» **DATA SHOWN**
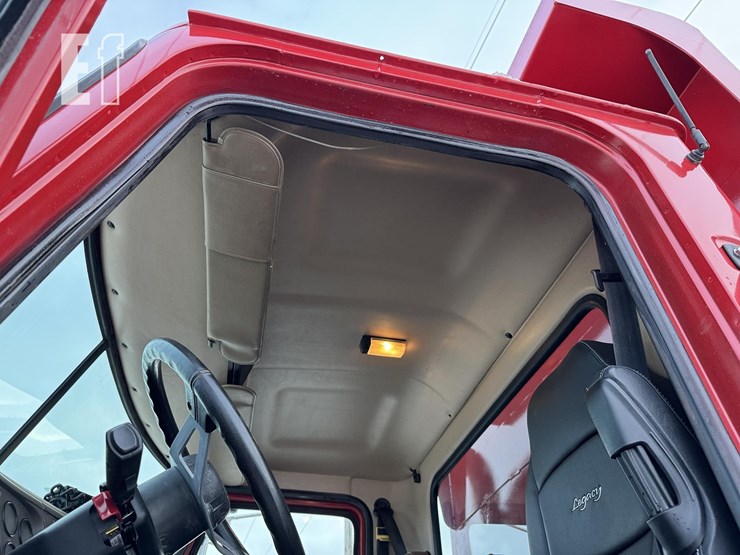 2004-mack-granite-cv713-image-51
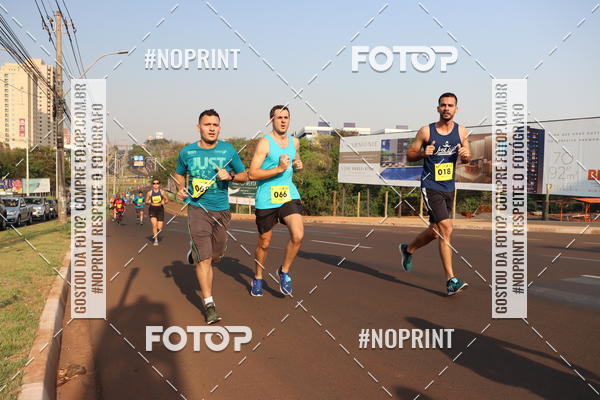 Achetez vos photos de l'vnement2 Corrida Shopping Jaragu sur Fotop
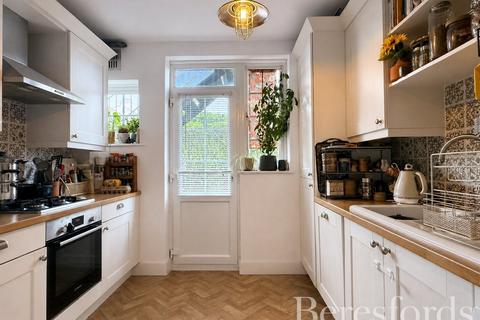 2 bedroom apartment for sale, Upminster Road, Hornchurch, RM11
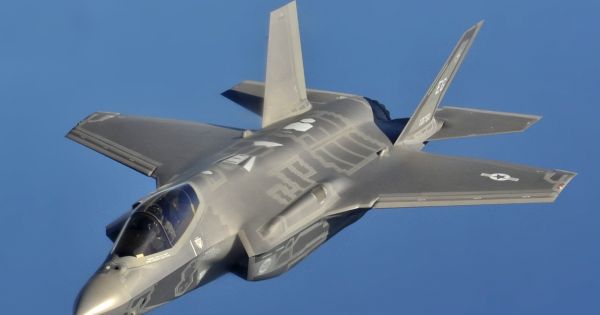 Finlandia y Suecia realizaron su primera interceptación conjunta de aviones rusos en el Báltico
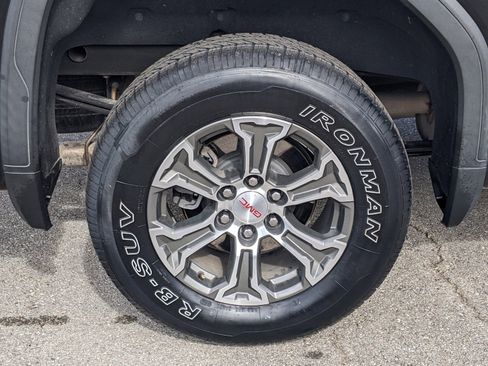 Used 2021 GMC Sierra 1500 SLE image 9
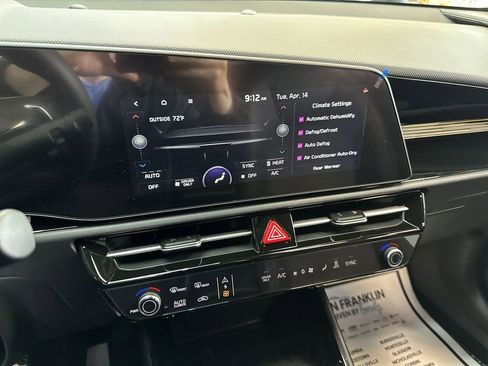 New 2026 Kia Niro Wind FWD image 11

» **TASK REQUIREMENTS**
The lines from the one containing "Finlandia y Suecia" to the final line of the material, both ends included, should be retyped exactly and alone, with no pictures.

» **SOLVED PROBLEM**
 Finlandia y Suecia realizaron su primera interceptación conjunta de aviones rusos en el Báltico
 Used 2021 GMC Sierra 1500 SLE image 9
 New 2026 Kia Niro Wind FWD image 11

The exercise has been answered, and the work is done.